For some women this will be a time of turning inward, and the dynamic, social practice of acroyoga will not be welcome. She may choose a solo yoga practice or a prenatal movement class in order to be in community with other pregnant women. Or she may set limits, like not practicing with new, unfamiliar, or inexperienced partners. She may not want to play with bigger flyers or smaller bases. She may request specific spotters. Consider this is a chance for you to practice listening, accepting, and going with the flow. Try to be extra compassionate and empathetic.
Trust her to voice her needs and the needs of baby.
She knows her body and her baby best. She is never, ever operating without an awareness of the growing person inside her. So, if she says, "Yes, this pose is fine," trust her. And, of course, if she says, "No, this pose is not working," listen, exit the pose quickly and safely, and please, please resist any urge to pressure her into something she has already voiced her wish to avoid. There are going to be poses that don't work, places on her body where touch is unwelcome, time limits, and other practical concerns. She may stop basing or spotting but still wish to be part of the community by flying, watching, or just hanging out. There are lots of things she can't do and there are still things she can do! She will know which are which.

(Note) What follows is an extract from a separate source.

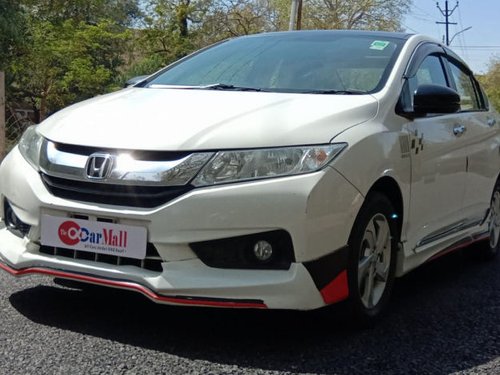 Used 2016 Honda City for sale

She may request extra vigilant spotters.
Again, try not to take it personally or assume that she doesn't trust your partnering if she asks for extra spotters. Movements like twisting, compressing, and contracting will all be limited to some degree. Her range of motion is decreasing at the same time that her self-protective instincts are sky-rocketing! You might also reassure her with encouraging words, firm touch, slower transition, close spotting, and seriously focused attention.

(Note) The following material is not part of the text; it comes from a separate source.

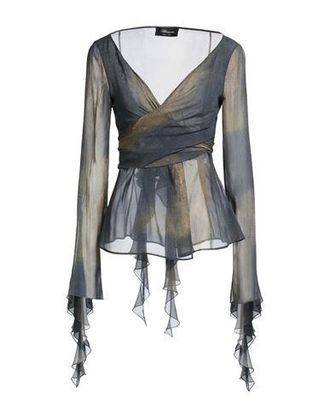 Blumarine TOPWEAR - Camicie su YOOX.COM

Pregnancy can be isolating.
No matter how many friends, family members, and other women she has seen go through this process, and no matter how many books she reads or momma groups she joins, there is only one person going through her exact pregnancy. She may be craving the familiar touch and rhythms of her acroyoga group. If you feel confident, maybe you are someone she can continue to connect with physically during this isolating time.